Alyia, 12 wks old, going thru her "ugly" stage, lol








Alyia, 2 yrs old. I'm sorry I don't have any recent pix of her, my ex-husb has "custody" of her. I'd love to get her back some day, but I doubt that'll happen. I miss the old girl.

I'm sorry to hear you had to put down your companion, but if he had aggression problems, and you'd exhausted all options, then you did what was best. As far as what he might have been, I can only guess possibly APBT/Chow mix, but it's always hard to tell. He looks to me to be APBT/Chow but there could be something else. I doubt boxer or Lab. Minus the "ridge", I could even venture to say possibly Rhodesian Ridgeback.. but no way to know for sure. I'm sorry I can't give you a more definite answer. He was a handsome boy though! Was that your vid you posted, or someone else's that just happened to look like your boy?
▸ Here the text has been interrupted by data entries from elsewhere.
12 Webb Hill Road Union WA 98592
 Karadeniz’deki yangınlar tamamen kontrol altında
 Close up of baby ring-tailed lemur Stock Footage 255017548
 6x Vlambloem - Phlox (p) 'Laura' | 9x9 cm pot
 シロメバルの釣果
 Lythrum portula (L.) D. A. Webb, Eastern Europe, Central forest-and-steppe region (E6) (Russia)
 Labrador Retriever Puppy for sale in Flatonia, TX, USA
I'm just asking b/c I'm curious.


----------



## DarkMoon (Nov 26, 2009)

ThaLadyPit said:


> DM... were there black spots on his tongue, that you know of, or can remember? Or even black/purple spots on his gums or underneath his tongue? If so, I'd venture to say APBT/Chow mix. The only other breed that has the black/purple spots besides the Chow Chow is the Sharpei (that I know of).
> 
> I'm sorry to hear you had to put down your companion, but if he had aggression problems, and you'd exhausted all options, then you did what was best. As far as what he might have been, I can only guess possibly APBT/Chow mix, but it's always hard to tell. He looks to me to be APBT/Chow but there could be something else. I doubt boxer or Lab. Minus the "ridge", I could even venture to say possibly Rhodesian Ridgeback.. but no way to know for sure. I'm sorry I can't give you a more definite answer. He was a handsome boy though! Was that your vid you posted, or someone else's that just happened to look like your boy? I'm just asking b/c I'm curious.


No purple that I remember:


And yes, that is video I took of him, one of just a few I have. He was trying to find a place to "bury" his rawhide. 





and here he is with me playing





He had longer hair then APBT does, but it wasn't too much longer but it was dense. His tail had the longest of his hair on it. I never thought about chow in him. Interesting thoughts. I know he had some bully breed in him, just by the way he moved. He's was called a Pit Bull more then Nubs even is. Nubs is my "Boxer" while Carter my Mutt was the Pit Bull. I have no clue if he even had Pit in him (while Nubs is no doubt a Pit Bull) I find it amusing!


----------